- _Work request_
Give back the lines below verbatim, omitting all pictures.

- _The data_
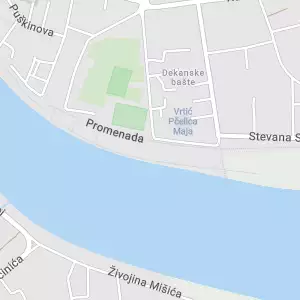 Geo-Projekt Geodesy and Land Surveying
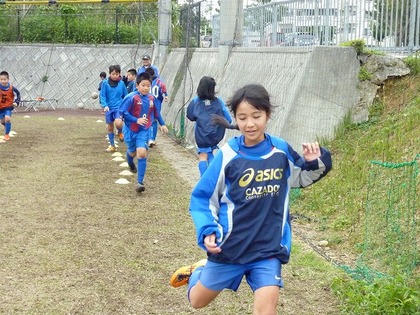 新人大会 沖縄市地区予選 1次リーグ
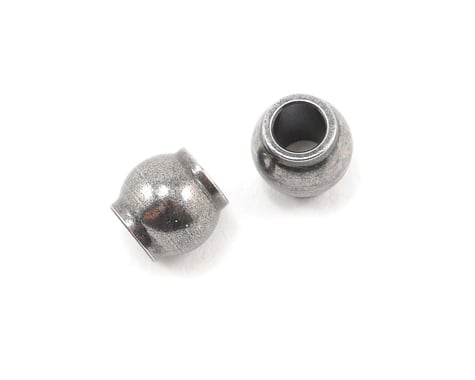 XRAY 6.0mm Hudy Spring Steel Universal Pivot Ball (2)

- _Task response_
 Geo-Projekt Geodesy and Land Surveying
 新人大会 沖縄市地区予選 1次リーグ
 XRAY 6.0mm Hudy Spring Steel Universal Pivot Ball (2)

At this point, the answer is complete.